3. Categorize Your Expenses and Account Statements

Once you can log into your dashboard, start pinpointing your money habits. Take an inventory of your accounts and get a sense of your monthly cash flow (what’s going in and out). Check how much of your paycheck is going towards specific expenses and if they’re necessary. 

Start grouping your expenses into two categories: impulse buys and necessary purchases. Some items that look like impulse buys, like clothing, may be needed, but some necessities can be left out. For example, you need a blazer for an interview, but you don’t need Starbucks.

4. Consider What Impulse Buys You Can Live Without.

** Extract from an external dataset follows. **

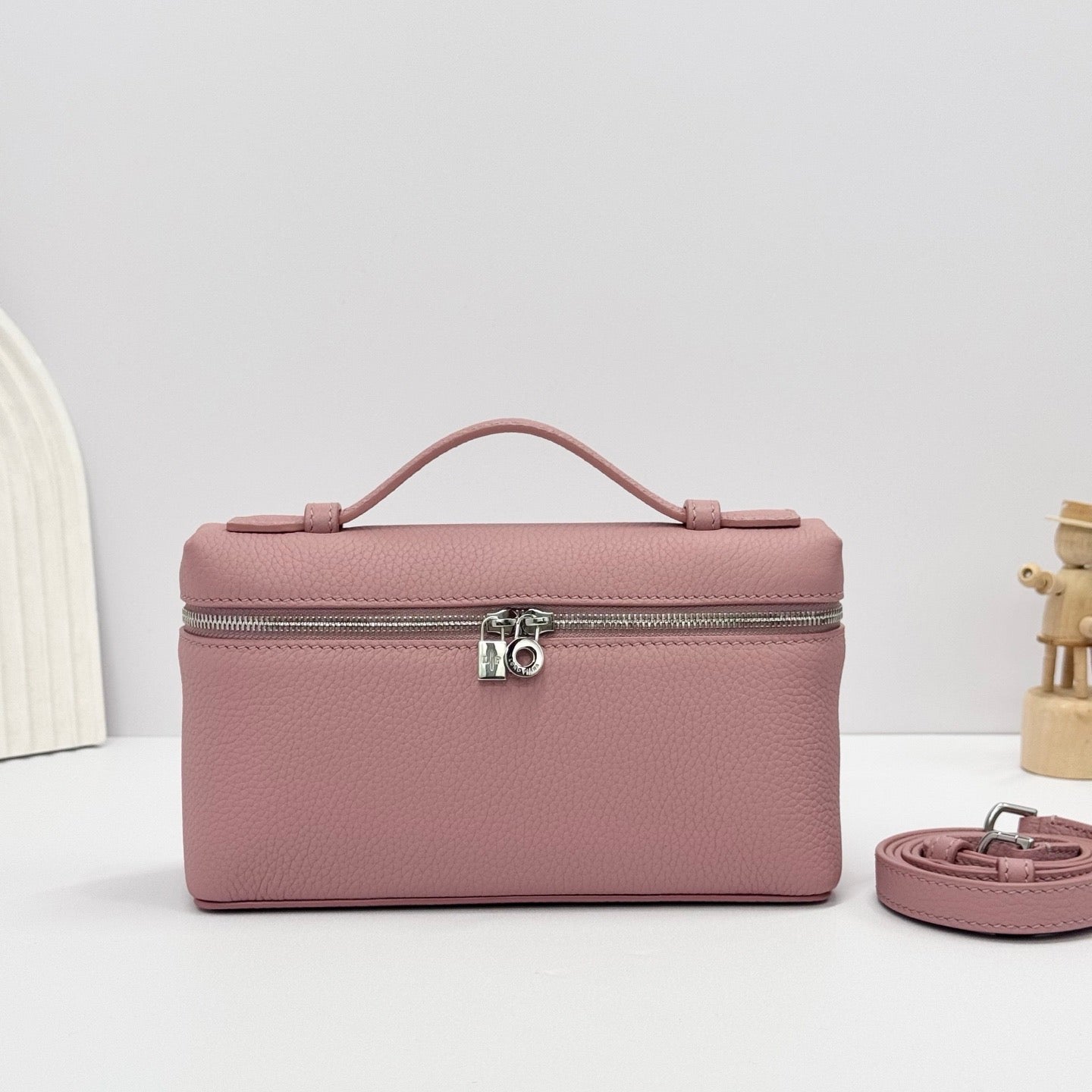 Pink, White, Off-white and Black Bag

Just because you make a lot of money, it doesn’t mean you should spend it all. Multiple studies conducted on Millennial spending habits found that lifestyle creep is common. Millennials who make six figures a year are still drowning in credit card debt because they’re spending more.

Sure, you may need that blazer for an interview, but do you need one from Versace, or will a $75 Nordstrom jacket do? Take a hard look at the items in your closet, home, and backyard and ask if you need high-cost versions of products when they’re eating away at your savings.

5. Don’t Make Your Spending Journal a Guilt Trip.

According to a Mind over Money survey, 77% of Americans report feeling anxious about their financial situation. If you’re the kind of person who copes with stressful situations by avoiding them, you’re either going to live without a budget or feel guilty whenever you make a mistake.

While it’s easier said than done, don’t beat yourself up when you overspend, especially when you start. Your first two weeks of budgeting should be passive, so try to stay calm once you see a pattern. At the start of week three, you can start making changes you’ll eventually stick to.